Dünyada sayılı ülke bu teknolojiye sahip
Gürcan Okumuş, ısıl pilin stratejik ve teknolojik özelliklerine dikkat çektikten sonra ‘alternatifi olmayan bir ürün’ olarak nitelediği ısıl pillerin üretiminde yüksek standartlarda üretim yapabilen ülke sayısının son derece sınırlı olduğuna işaret etti.
“Böylesine kritik bir bileşeni teknoloji transferi ile temin etmeniz mümkün değil” diyen Okumuş, şöyle devam etti:
“Bu nedenle önünüzde iki seçenek kalıyor. Ya satın alacaksınız ya da kendiniz üreteceksiniz. Eğer üretici değilseniz, ne kadar paranız olursa olsun bu ürüne erişemeyebilirsiniz. Param var hemen istediğim zaman temin edebilirim diyebileceğiniz bir ürün değil. Son yıllarda alımı daha da zorlaştı.”
Kritik bilgiler Türkiye’de kalıyor
Bir ürünü yurt dışından temin etmenin farklı şartları da beraberinde getirdiğini anlatan TUBİTAK SAGE Enstitü Müdürü Gürcan Okumuş, özellikle savunma sanayii ürünlerinin yurt dışından temininin neden olabileceği sıkıntıların da altını çizdi.

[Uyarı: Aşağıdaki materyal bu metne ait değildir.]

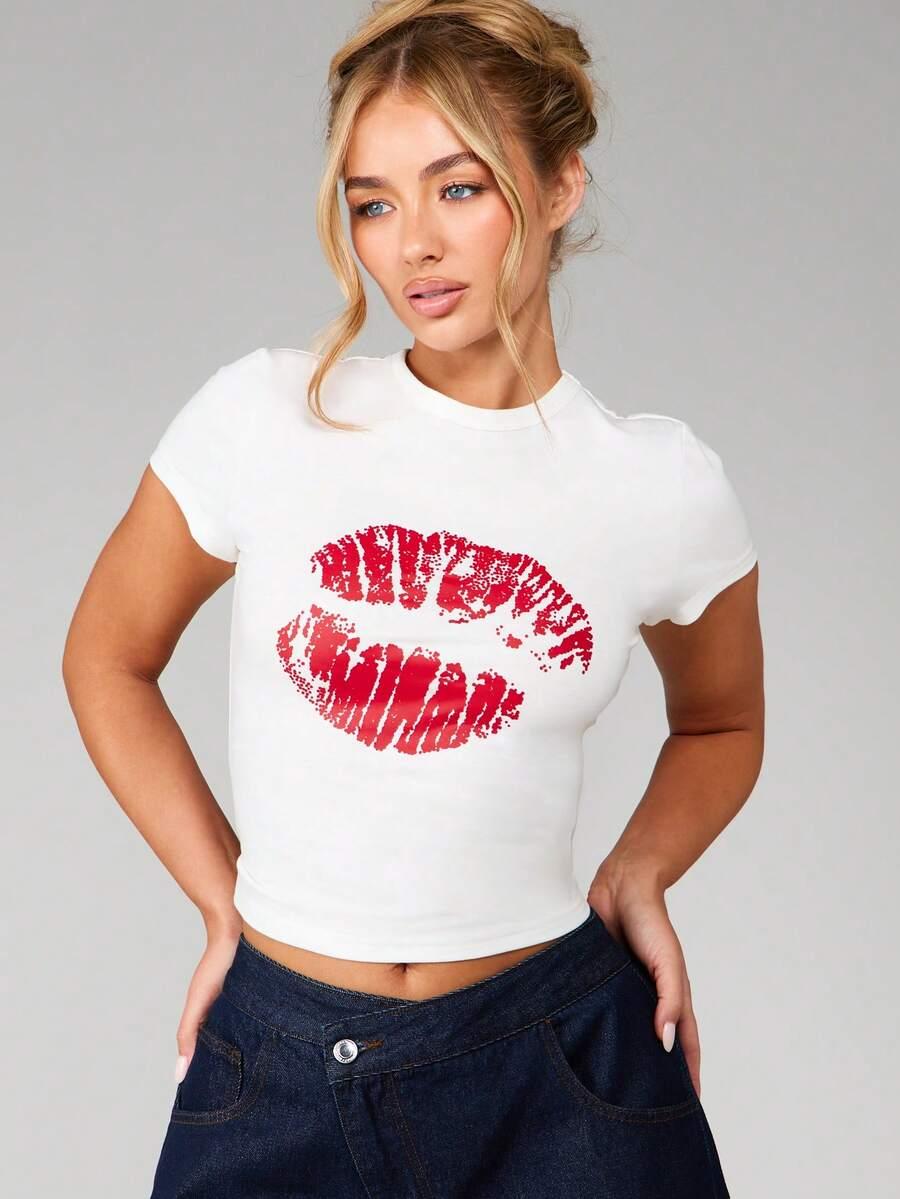biały top nadruk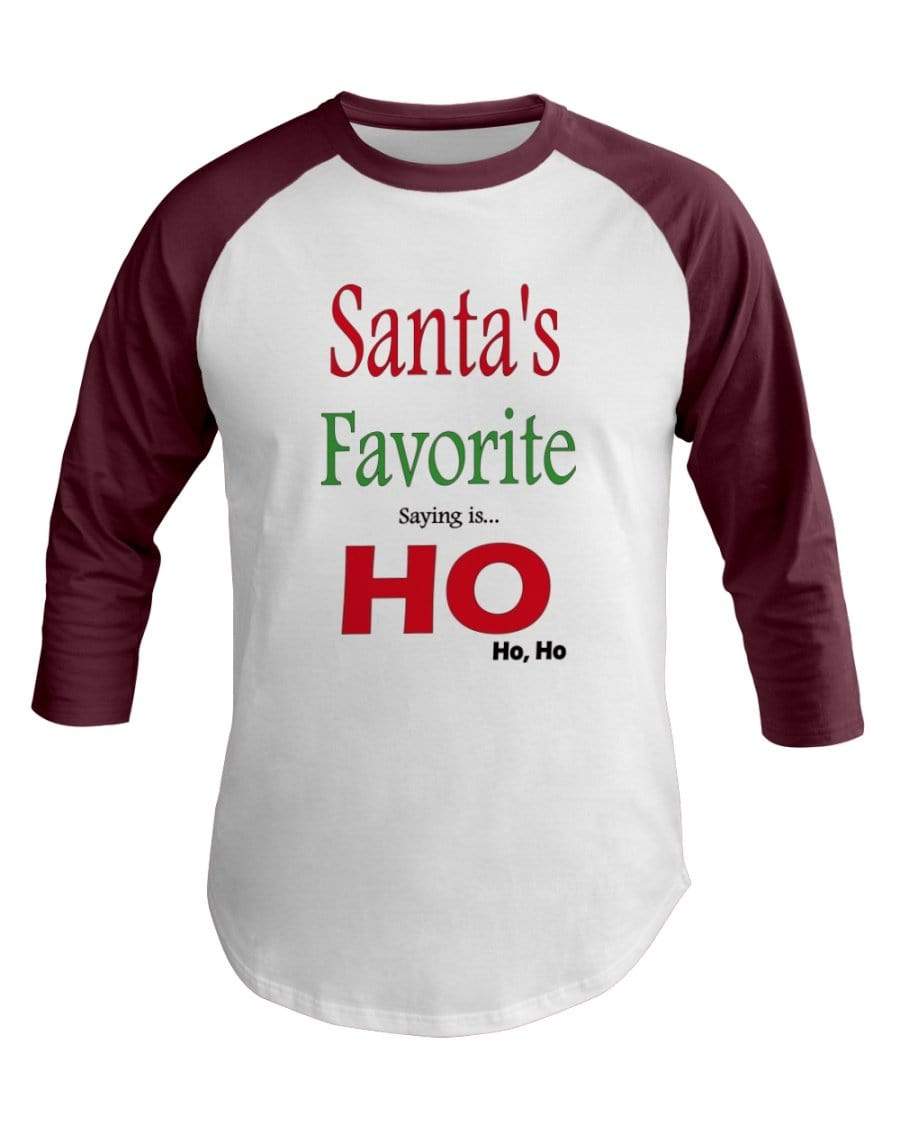 Shirts White/Truffle / XS Winey Bitches Co "Santa's Favorite Saying" 3/4 Sleeve Raglan Shirt WineyBitchesCo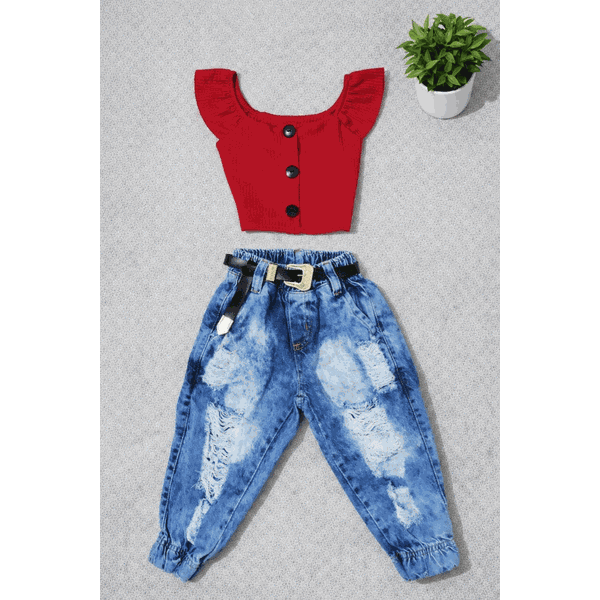 Conjunto Cropped Botões + Calça Jogger Jeans Liz 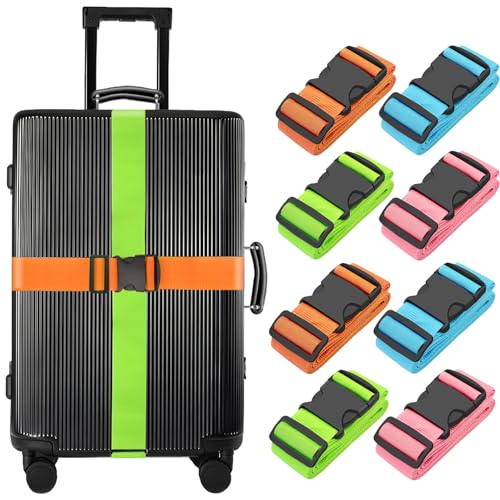BILIONE Luggage Straps, 79" Long Belts Keep Suitcase Secure While Traveling, TSA Approved Add a Bag Premium Accessory for Travel Bag Closure (Blue+Orange+Rose Pink+Green, 8Pcs) - color: Blue+Orange+Rose Pink+Green, size: 8Pcs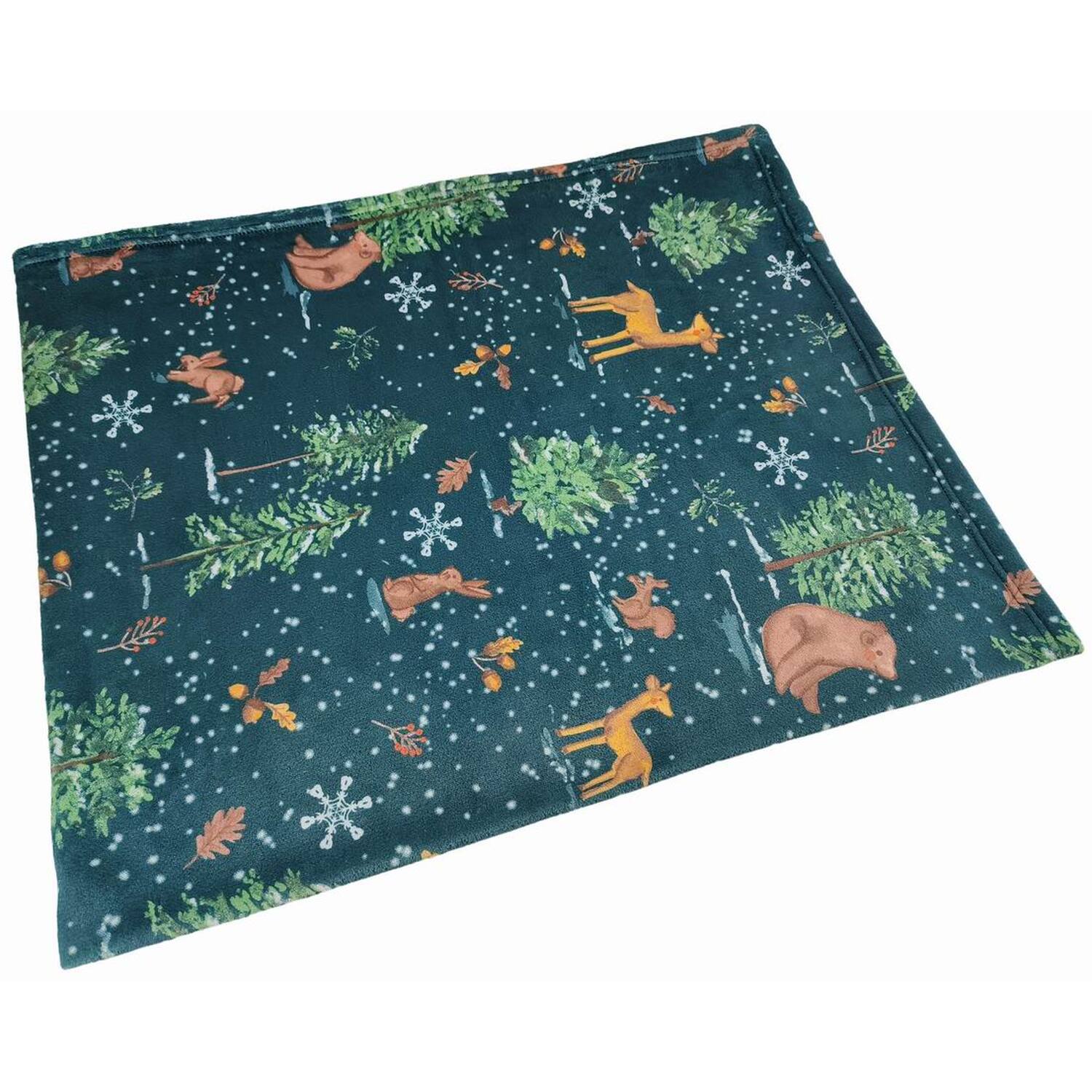 Woodland Friends Fleece Throw Green Image 2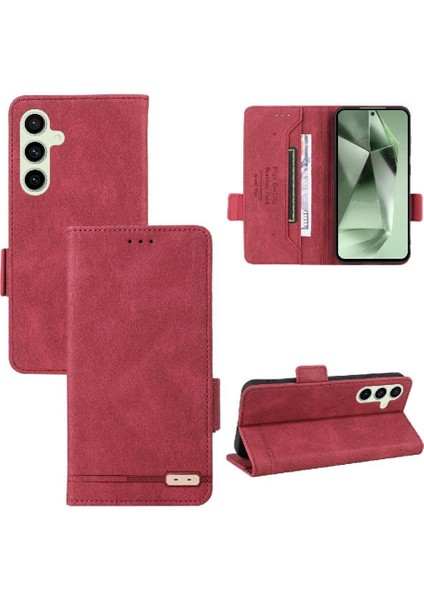 Samsung Galaxy S24 Fe Kapak Için Flip Case Kart Tutucu Kickstand ile (Yurt Dışından)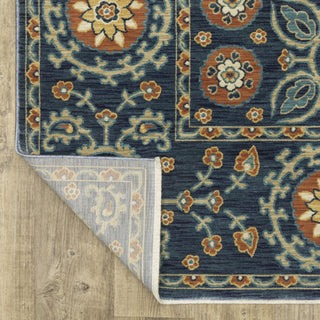 Oriental Weavers Francesca FR11B Blue/Rust Area Rug Backing Image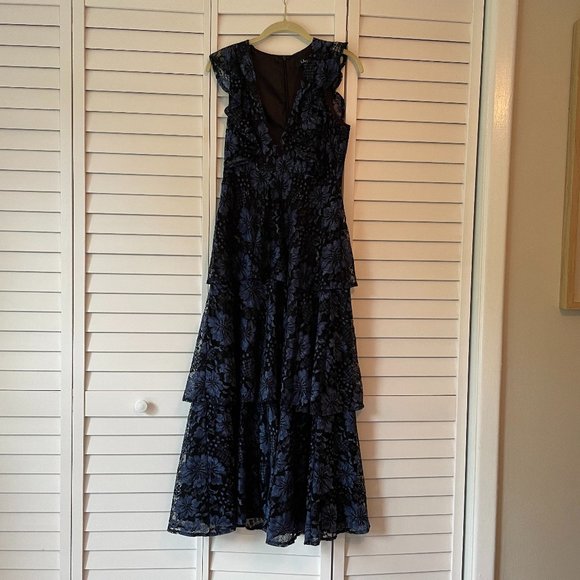 Lulu's Navy Blue Lace Ruffled Tiered Sleeveless Maxi Dress - Picture 2 of 8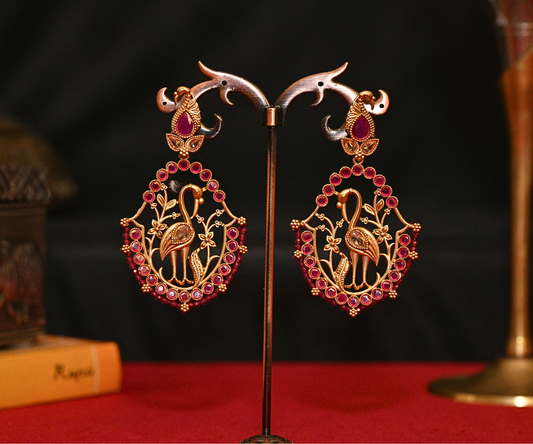 Mor Pankh Ratna Matte Gold Plated Antique Earrings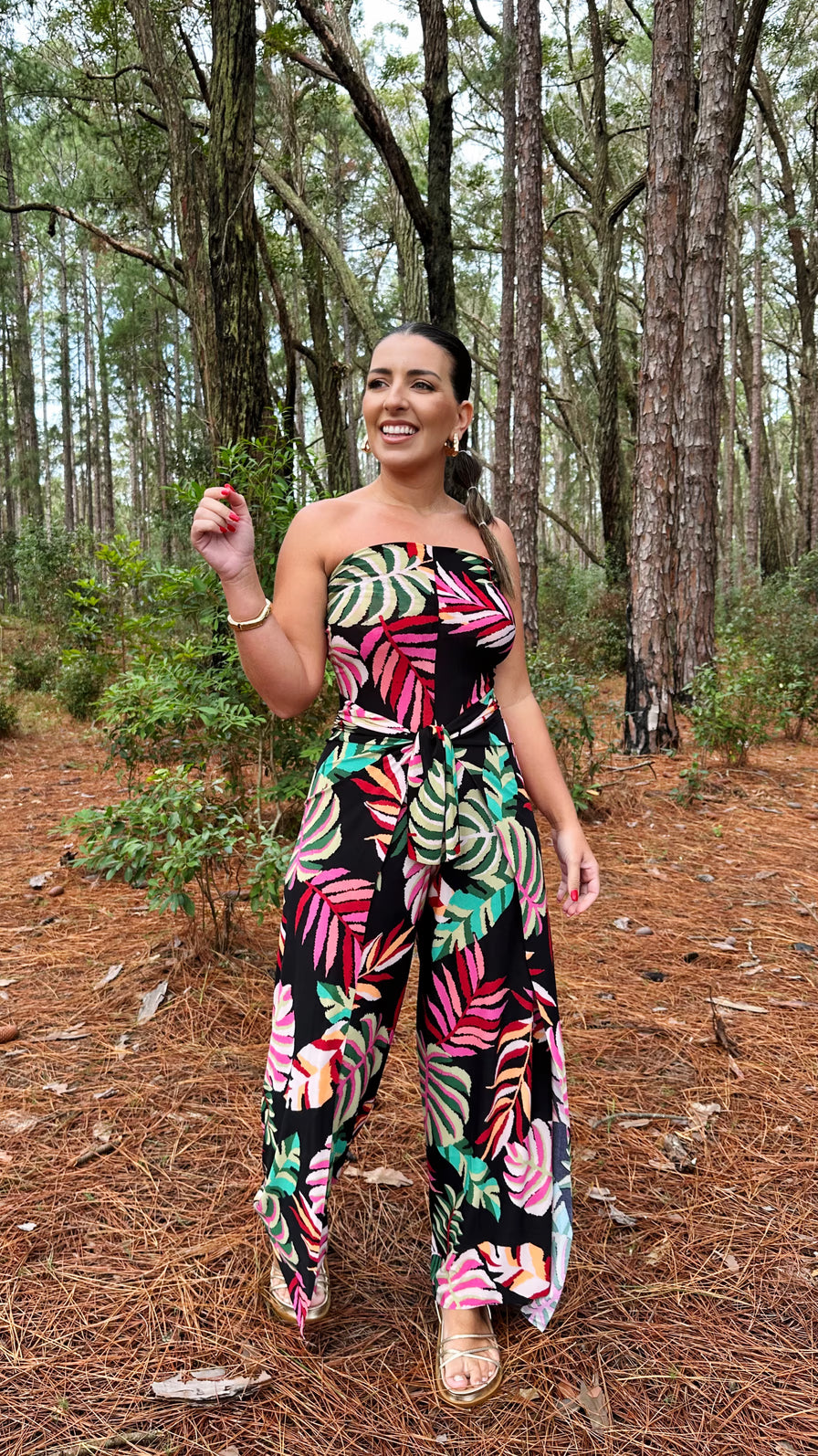 Black Floral Jumpsuit Set (Backorder)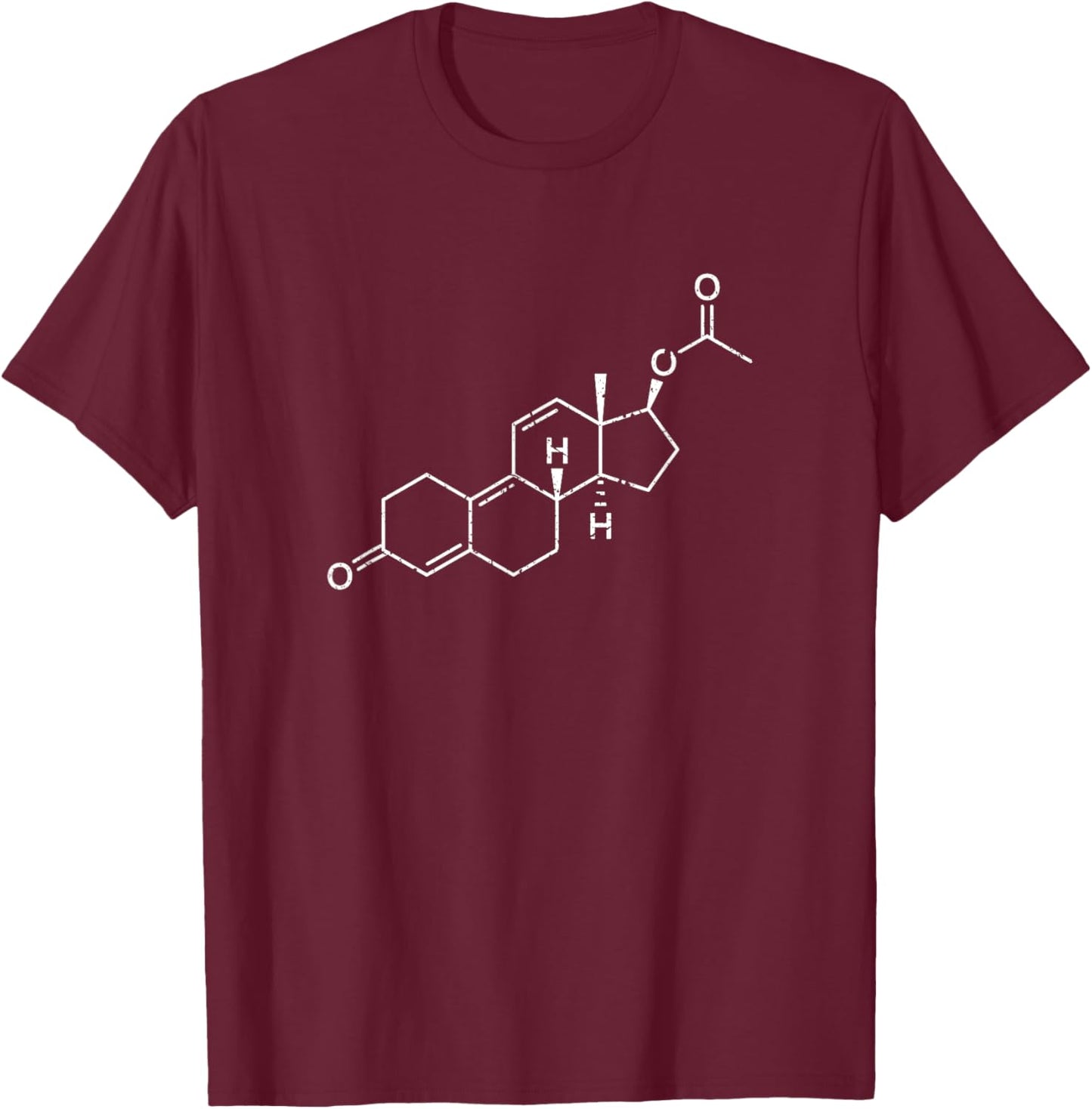 Trenbolone Steroid Molecule, Bodybuilding Tren Training T-Shirt - T-Shirt | Maroon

“Bu gibi durumlarda ısıl pil temin etmek istediğiniz ürünün bilgileri de yurt dışına vermeniz gerekiyor” bilgisini paylaşan Okumuş, şunları söyledi:
“Isıl piller mühimmatın ‘kalbi’ desek yanlış olmaz. Böylesine önemli bir bileşeni yurt dışından almanız demek üzerinde büyük emek harcadığınız milli mühimmatın kritik özelliklerini başkalarıyla paylaşmanız anlamına geliyor.
Türkiye yakın bir geçmişe kadar ısıl pilleri yurt dışından temin ediyordu. Yerli ve milli savunma sanayii hamleleri kapsamında şu an tamamen TUBİTAK SAGE üretimi olan ısıl piller kullanılıyor.”
Isıl pili ana vatanına bile ürün satıyoruz
Dünyada bu ürünü yapabilen az sayıda ülkeden biri olmanın ‘ihracat’ gibi son derece değerli bir kalemi de beraberinde getirdiğini kaydeden Gürcan Okumuş, “2008-2009 yılında seri üretimine başladığımız ısıl pilleri çok sayıda ülkeye satabilen konuma ulaştık. Isıl pili ilk kullanan ülke olan Almanya da müşterilerimiz arasında” dedi.
Okumuş, yakın zamanda Türkiye ile bir AB ülkesi arasında ısıl pil satışı konusunda ön sipariş imzalarının atıldığını da hatırlatarak, hedefleri hakkında şunları söyledi:
“TUBİTAK SAGE olarak bugün itibarıyla ülkemizin bütün ihtiyacını tek başımıza karşılayabilecek durumdayız. Hatta çok daha fazla rakamlarda üretip, ihraç etme potansiyelimiz de var.
Dünya genelinde ısıl pili bu standartlarda üretebilen 4-5 ülke var. ABD ve Fransa’nın domine ettiği bir alan. Ancak Türkiye de sahip olduğu teknolojik imkanlarla dünya genelinden gelecek her türlü talebe cevap verebilecek nitelikte.
Ülkemiz, ısıl pil konusunda teknolojik yeterlilik ve üretim altyapısına fazlasıyla sahip. Her ülkeye, istediği ürüne uygun olarak ısıl pil yapabilecek bir konumdayız.”